__WORK TASK__
Before you write out the listing, remove the pictures; everything else stays exactly as it is.

__SOURCE MATERIAL__
####
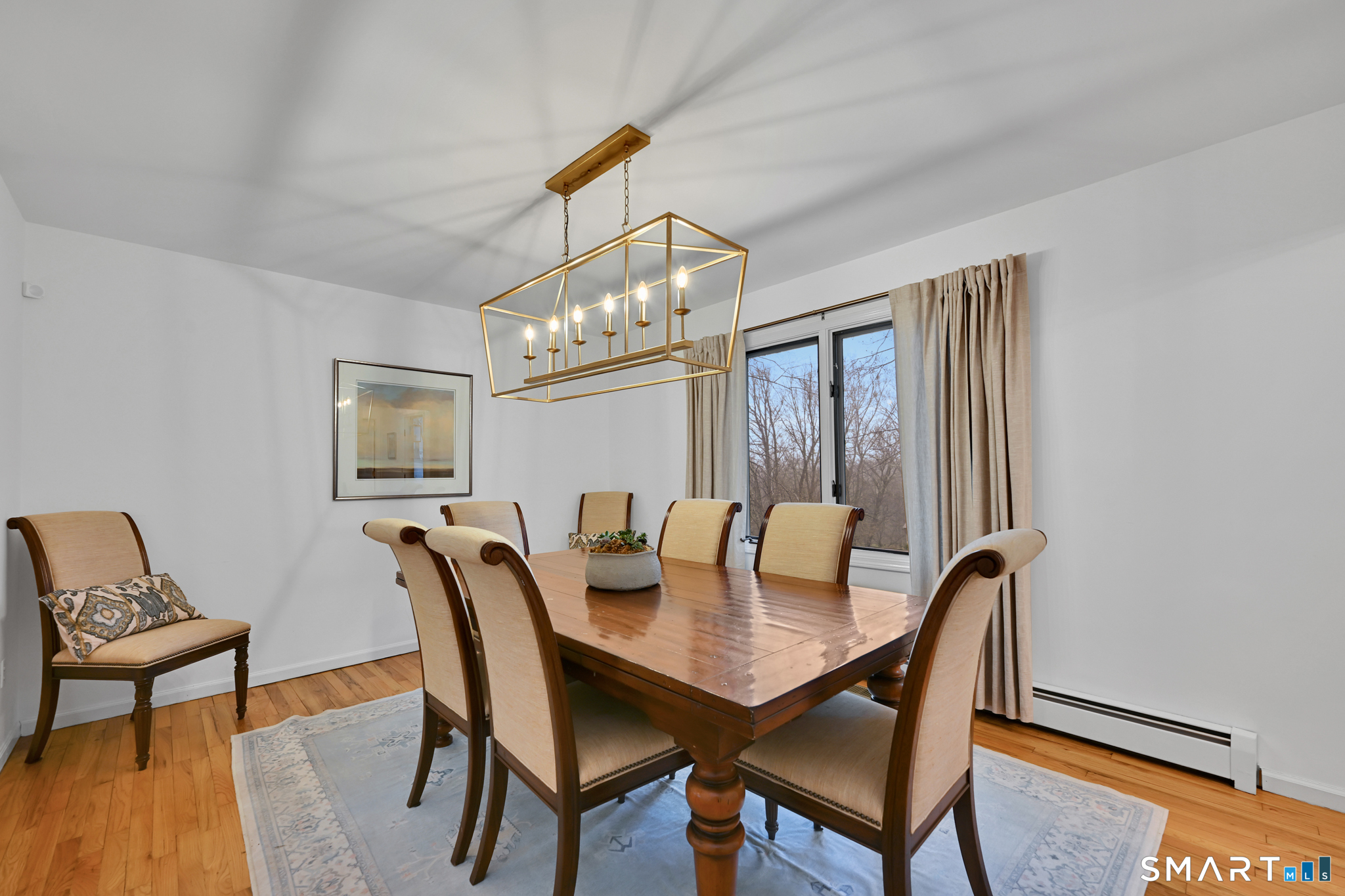 117 Settlers Farm Road Monroe, CT 06468 - Photo 6 of 40 The dining room is quite large, with gleaming hardwood floors that add warmth and elegance to the room.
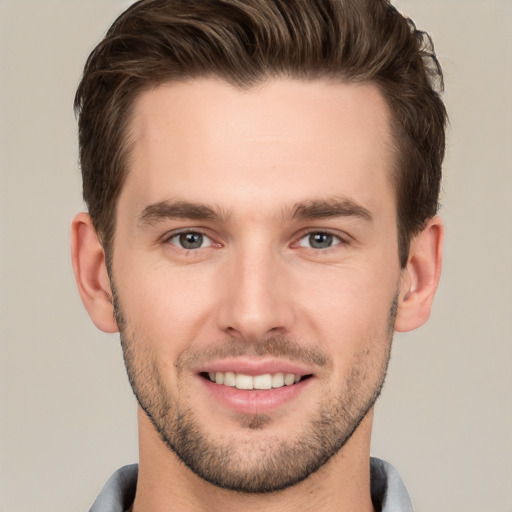 Joyful white young-adult male with short  brown hair and brown eyes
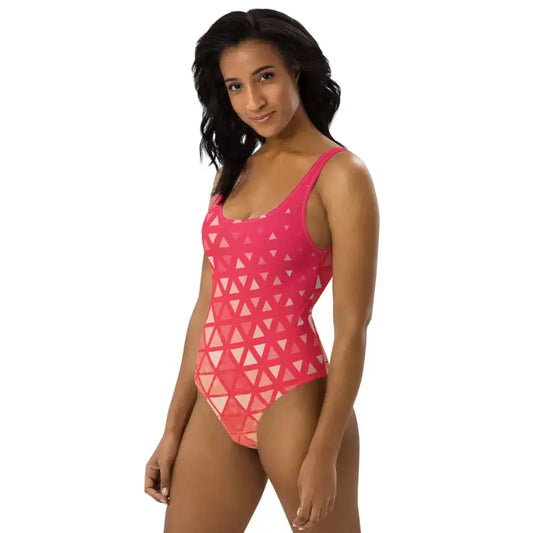 Cute pink one-piece swimsuit with orange geometric print for a stylish beach look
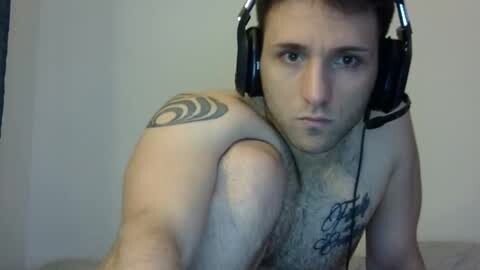 Media: Video of a shirtless, muscular man with short brown hair wearing black headphones, showing a large tribal tattoo on his right shoulder and a black text tattoo on his chest.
####
__COMPLETED EXERCISE__
 117 Settlers Farm Road Monroe, CT 06468 - Photo 6 of 40 The dining room is quite large, with gleaming hardwood floors that add warmth and elegance to the room.
 Joyful white young-adult male with short  brown hair and brown eyes
 Cute pink one-piece swimsuit with orange geometric print for a stylish beach look
 Media: Video of a shirtless, muscular man with short brown hair wearing black headphones, showing a large tribal tattoo on his right shoulder and a black text tattoo on his chest.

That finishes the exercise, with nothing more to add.